La reacción occidental contra estas normas, la discriminación legal más clara formulada por un país desde las leyes antisemitas de la Alemania nazi, fue tibia. Es cierto que el régimen talibán no fue reconocido por la ONU, y que se le impusieron determinadas sanciones económicas y financieras, pero ello se debió más a la rápida y estrecha colaboración de Kabul con el terrorismo internacional y los atentados de Kenia y Tanzania que a la violación de los derechos de las mujeres. Aun así, es notable constatar que algunos países siguieron manteniendo contactos con Afganistán hasta hace pocos meses, incluido Estados Unidos. La Administración de Bush recompensó a primeros de año a los talibán con 6,5 millones de dólares por tomar medidas contra el cultivo de opio, probablemente porque, desde la caída del comunismo, la lucha contra las drogas ha sido la única causa internacional que Washington se ha tomado completamente en serio, hasta convertirla casi en una obsesión.
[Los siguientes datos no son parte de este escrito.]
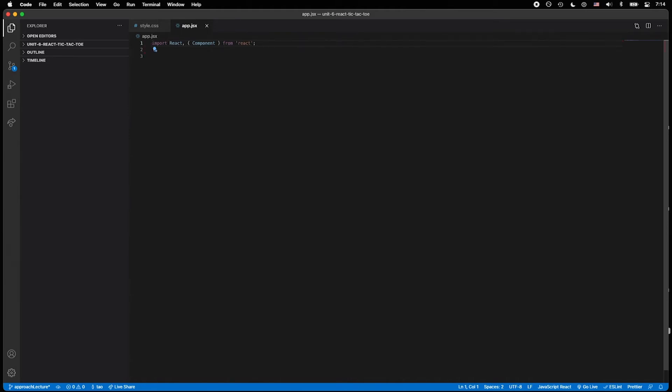And so the way you're going to do that on Mac is Option Shift and Down. So the Option key, Shift, and Down - that'll duplicate it down.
Los países occidentales tienen ahora una buena ocasión para demostrar que conceden prioridad a la defensa de los derechos humanos de las mujeres. Razonablemente, cualquier acuerdo para formar un nuevo Gobierno en Kabul debería incluir las siete condiciones que exigió la ONU al Gobierno del mulá Omar: 1) derogación de todas las leyes que supongan discriminación contra mujeres y niñas; 2) efectiva participación de las mujeres en la vida cívica, cultural, económica, política y social a lo largo de todo el país; 3) respeto al derecho de la mujer a trabajar, incluyendo en las agencias de las Naciones Unidas y organizaciones humanitarias; 4) derecho de mujeres y niñas a la educación en igualdad de condiciones con los hombres; 5) obligación de llevar ante la justicia a quienes cometan ataques y abusos físicos contra las mujeres y niñas; 6) derecho de las mujeres a moverse libremente, y 7) respeto al efectivo derecho de las mujeres y niñas de acceder a los sistemas sanitarios para su salud física y psíquica.

Ninguno de estos preceptos es contrario al Corán ni al islam, como demuestra el hecho de que son respetados en las leyes de otros muchos países musulmanes. En todo caso, sería contrario a la repugnante forma del islam que defiende, difunde y apoya el régimen amigo de Arabia Saudí, el auténtico foco de fanatismo y tiranía en el que nacen personajes como el millonario Osama Bin Laden.